*** Opening of MATERIAL PROVIDED ***

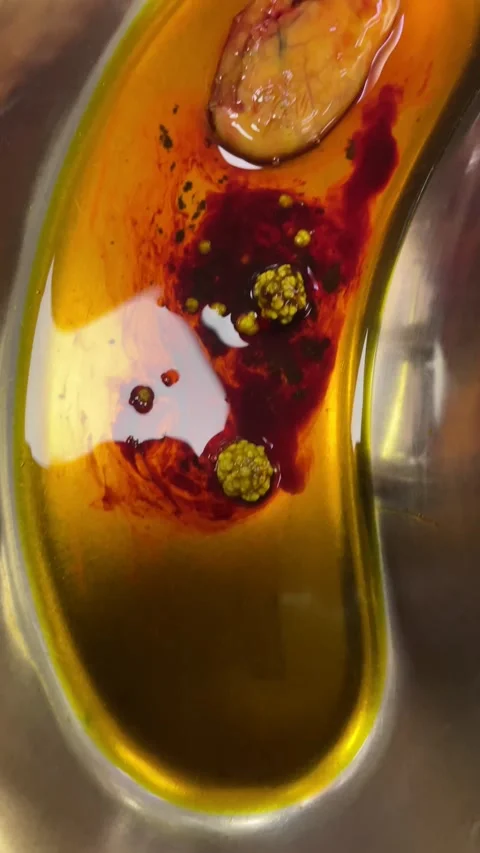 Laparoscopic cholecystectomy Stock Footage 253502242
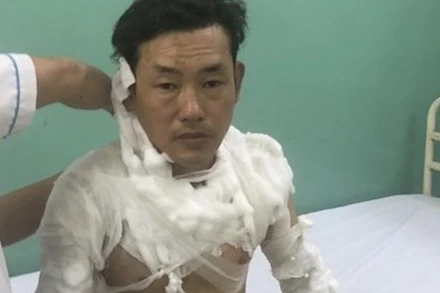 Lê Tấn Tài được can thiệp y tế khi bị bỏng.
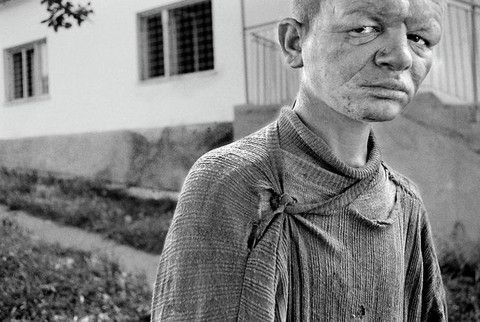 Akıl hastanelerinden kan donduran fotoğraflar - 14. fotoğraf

*** Close of MATERIAL PROVIDED ***

◆ WORK INSTRUCTIONS ◆
Word for word, repeat the material above and drop the pictures.

◆ TASK RESULT ◆
 Laparoscopic cholecystectomy Stock Footage 253502242
 Lê Tấn Tài được can thiệp y tế khi bị bỏng.
 Akıl hastanelerinden kan donduran fotoğraflar - 14. fotoğraf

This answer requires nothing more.